The actual compose.yaml in the repository includes additional comments describing the tutorial workflow. The annotated version above highlights the fields relevant to operators.

Key points

Shared artifact volume

Both train and serve mount the same artifacts volume. The server polls for changes via RECOTEM_WATCH_INTERVAL and hot-swaps when a new artifact appears. No restart is needed.

Secrets via environment variables

Never hard-code RECOTEM_SIGNING_KEYS or RECOTEM_API_KEYS in the Compose file. Pass them from a .env file or a secrets manager:

bash
# .env (never commit this file)
RECOTEM_SIGNING_KEYS=prod-2026-q2:aabbcc...
RECOTEM_API_KEYS=client-a:sha256:dd0eeff...,client-b:sha256:1122334...
bash
docker compose --env-file .env up -d serve

RECOTEM_HOST inside Docker

The default bind host is 127.0.0.1, which only binds loopback and is unreachable from outside the container. Set RECOTEM_HOST=0.0.0.0 when running inside Docker.

WARNING

When RECOTEM_API_KEYS is empty the server forces 127.0.0.1 regardless of RECOTEM_HOST. To override in a development environment, pass --insecure-no-auth with RECOTEM_ENV set to development, dev, or test. Never use this in production.

Volume permissions (UID 1000)

The image runs as appuser (UID/GID 1000). Bind-mounted host directories that the container writes to (e.g. ./artifacts/) must be writable by UID 1000:

bash
mkdir -p ./artifacts && chown 1000:1000 ./artifacts

Named Docker volumes (as in compose.yaml) are pre-created with the right ownership and need no chown.

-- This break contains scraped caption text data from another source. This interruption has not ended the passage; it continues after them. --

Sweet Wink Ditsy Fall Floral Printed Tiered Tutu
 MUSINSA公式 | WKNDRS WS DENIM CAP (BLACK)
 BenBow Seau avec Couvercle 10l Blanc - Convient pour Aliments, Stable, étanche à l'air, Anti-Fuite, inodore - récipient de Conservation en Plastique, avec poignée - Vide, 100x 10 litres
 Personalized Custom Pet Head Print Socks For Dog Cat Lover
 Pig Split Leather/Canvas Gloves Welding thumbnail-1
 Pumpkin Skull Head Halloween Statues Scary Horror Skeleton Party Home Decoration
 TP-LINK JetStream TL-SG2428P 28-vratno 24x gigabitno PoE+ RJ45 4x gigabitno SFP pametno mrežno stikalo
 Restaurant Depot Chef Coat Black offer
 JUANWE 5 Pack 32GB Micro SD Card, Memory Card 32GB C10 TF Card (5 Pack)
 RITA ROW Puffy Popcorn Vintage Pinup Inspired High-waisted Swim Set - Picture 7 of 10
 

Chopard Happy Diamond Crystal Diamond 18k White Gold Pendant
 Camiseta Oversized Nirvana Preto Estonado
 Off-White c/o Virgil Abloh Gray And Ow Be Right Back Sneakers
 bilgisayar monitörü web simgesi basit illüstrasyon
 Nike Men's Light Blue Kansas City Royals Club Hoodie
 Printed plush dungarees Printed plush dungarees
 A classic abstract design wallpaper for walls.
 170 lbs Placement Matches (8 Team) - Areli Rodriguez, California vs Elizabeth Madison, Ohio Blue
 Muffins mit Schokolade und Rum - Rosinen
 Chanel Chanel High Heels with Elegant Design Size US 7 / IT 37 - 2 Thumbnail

The container also has readOnlyRootFilesystem semantics in mind — /tmp is the only writable location outside mounted volumes.

Image-level HEALTHCHECK

The Dockerfile declares its own HEALTHCHECK --interval=30s --timeout=10s --start-period=30s --retries=3 that probes the public /health endpoint with urllib.request.urlopen(f'http://127.0.0.1:{RECOTEM_PORT}/health', timeout=3) (so it picks up an overridden RECOTEM_PORT). For one-shot train containers this fires after the process has already exited and causes no spurious failures. The Compose-level healthcheck shown in the annotated example also targets /health and overrides the image default for the serve service — orchestrators should rely on the HTTP 200 response from /health.

Reverse proxy binding

Bind the port only to localhost on the host if you put a reverse proxy in front:

yaml
ports:
  - "127.0.0.1:8080:8080"   # only accessible to host-local reverse proxy

Running train on a schedule

Replace the one-shot train service with a cron wrapper or use the host cron to exec into the container:

bash
# Host cron — runs inside existing serve container's shared volume
0 3 * * * docker compose -f /opt/recotem/compose.yaml run --rm train

Or run the train image as a separate, throwaway container that shares the artifact volume:

bash
docker run --rm \
  -w /workspace \
  -v recotem_artifacts:/workspace/artifacts \
  -v /opt/recotem/recipes:/recipes:ro \
  -e RECOTEM_SIGNING_KEYS="${RECOTEM_SIGNING_KEYS}" \
  ghcr.io/codelibs/recotem:latest \
  train /recipes/my_recipe.yaml

See cron / systemd Deployment for host-based scheduling patterns.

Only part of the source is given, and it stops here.